The Match Group, which owns several brands of internet dating services, which includes Tinder, Hinge, Ok Cupid and PlentyOfFish, has surpassed analyst’s forecasted revenue of $437 million, in their third-quarter reports declared a revenue of $444 million, a 29 percent increase from the previous year.
The Match Group has declared that it expects to bring in a total of $1.72 billion in annual revenue.
But the company’s fourth-quarter prediction did not satisfy Wall Street. Match Group said it expects between $440 and $450 million in revenue in the fourth quarter, falling short of the $454.5 million analyst estimate. As a result, the Shares of the company sank by 10% hours after trading.

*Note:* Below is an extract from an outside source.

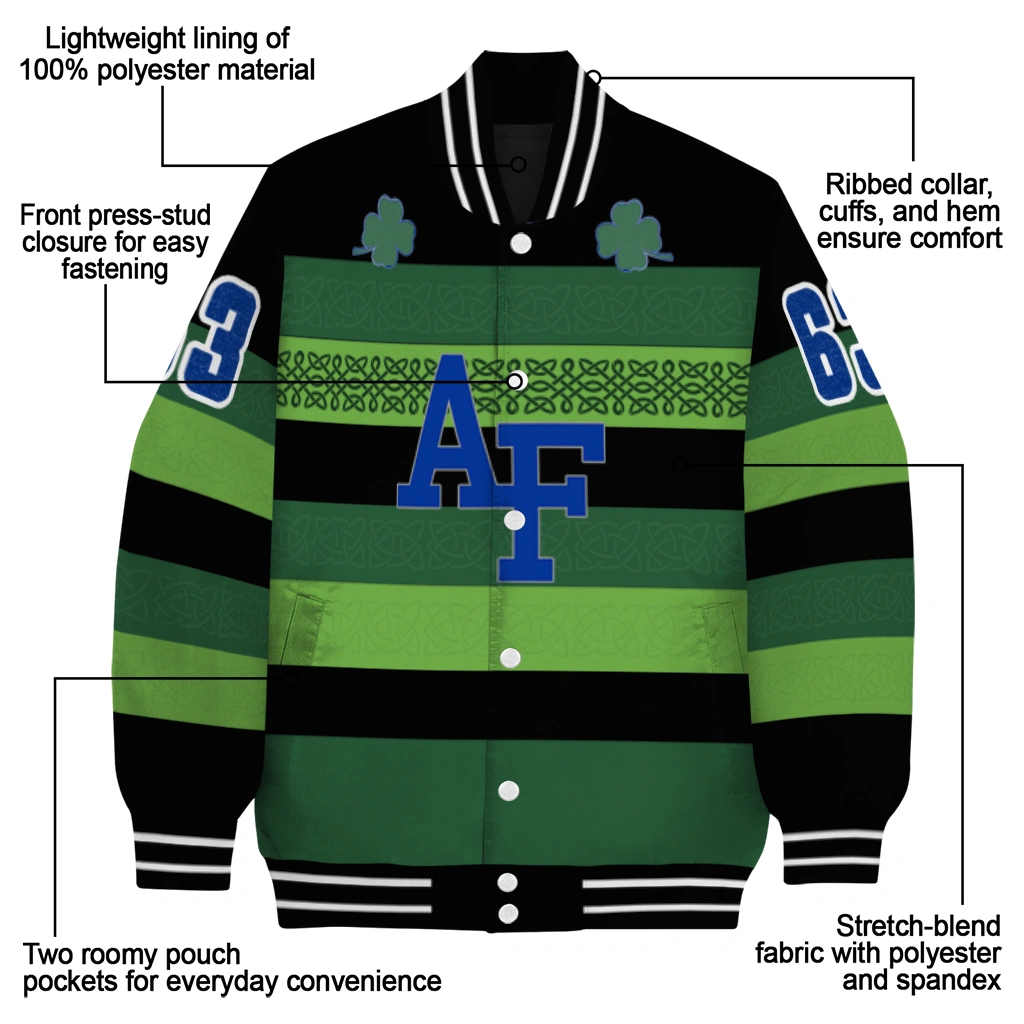 customized air force falcons clover green lines green black varsity jacket new arrival customized air force falcons clover green lines green black varsity jacket new arrival
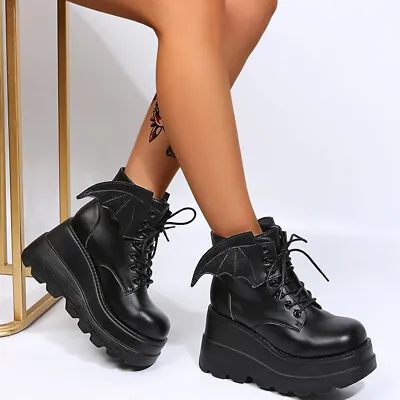 £40.74 • Buy Gothic Boots Women Retro High Heel Wedge Lace Up Platform Punk Wing Ankle Boots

Tinder, which is a location-based mobile dating application, has continued to be the company’s growth engine, accountable for roughly half its paid users and half its projected annual revenue. The companies total number of paid subscribers came in at 8.1 million, up from 7.7 million in Q2 and a 23 percent increase. Much of that growth comes from Tinder Gold, Tinder’s premium subscription tier that lets users see who’s already liked them without doing any swiping. The Overall Tinder’s paying user base is up to 4.1 million from 3.8 million the prior quarter.
Tinder is expected to generate $800 million in revenue in 2018.
Hinge, another app-based dating service acquired by Match in June, is on its way up. Match says it’s seen a 5x increase in downloads since it first invested.